The Company expects barrel shipments to increase between 8% and 14% for each of
the third and fourth quarters of 1996 when compared to the Second Quarter of
1996. Sales per barrel is expected to range between $176 and $180 per barrel for
these same periods, provided there is no significant change in the sales mix
between bottled and keg beer for the third and fourth quarters of 1996.

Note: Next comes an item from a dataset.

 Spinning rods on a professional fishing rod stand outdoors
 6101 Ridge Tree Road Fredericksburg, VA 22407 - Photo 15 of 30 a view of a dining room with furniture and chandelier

EXCISE TAXES. Federal and state excise taxes increased by 55.1% from $1.2
million in the Second Quarter of 1995 to $1.9 million in the Second Quarter of
1996. Excise taxes as a percentage of net sales increased from 9.2% to 10.9% for
the Second Quarter of 1996. Excise taxes per barrel sold increased from $15.55
in the Second Quarter of 1995 to $17.62 in the Second Quarter of 1996. The
increase in excise taxes was attributable to the increase in sales volume, since
the excise tax is assessed on a per barrel basis, and to the increased per
barrel excise tax burden as the Company's sales volume for the year surpasses
60,000 barrels. The Company uses an intra period method to allocate excise taxes
based on the Company's estimate of sales volume for 1996, and as such, changes
in the excise tax rate per barrel will be caused by changes in the Company's
estimate of sales volume for 1996 and to a lessor extent, changes in state
excise tax rates.

COST OF GOODS SOLD. Cost of goods sold increased 28.8% from $6.7 million in the
second quarter of 1995 to $8.6 million in the Second Quarter of 1996 reflecting
the increase in volume of beer sold. Cost of goods sold as a percentage of net
sales decreased from 50.3% in the Second Quarter of 1995 to 49.5% in the Second
Quarter of 1996. Cost of goods sold per barrel sold decreased from $85.03 in the
Second Quarter of 1995 to $80.04 in the Second Quarter of 1996. The decreases in
cost of goods sold as a percentage of net sales and per barrel sold were
primarily attributable to reduced packaging material costs due to purchasing
economies of scale and reduced manufacturing services fees charged under the
Company's Agreement with Stroh, partially offset by an increase in
transportation expenses due to higher cost of shipping keg beer and an increase
in malt prices. Transportation expenses are a significant component of cost of
goods sold. Transportation expenses increased 38.7% from $1.2 million in the
Second Quarter of 1995 to $1.7 million in 1996. Transportation expenses as a
percentage of net sales increased from 9.1% in the Second Quarter of 1995 to
9.6% in the Second Quarter of 1996. Transportation expenses per barrel sold
increased from $15.38 per barrel in the Second Quarter of 1995 to $15.60 per
barrel in the Second Quarter of 1996.


                                      -11-
<PAGE>   12
The Company expects cost of sales per barrel to increase slightly in the third
and fourth quarters of 1996 when compared to the second quarter, due to changes
in product mix and the higher cost of production associated with the seasonal
beers scheduled for production in the third and fourth quarters. The Company
anticipates that these higher costs of production will be offset by volume
discounts from Stroh thus, resulting in only slight per barrel cost increases.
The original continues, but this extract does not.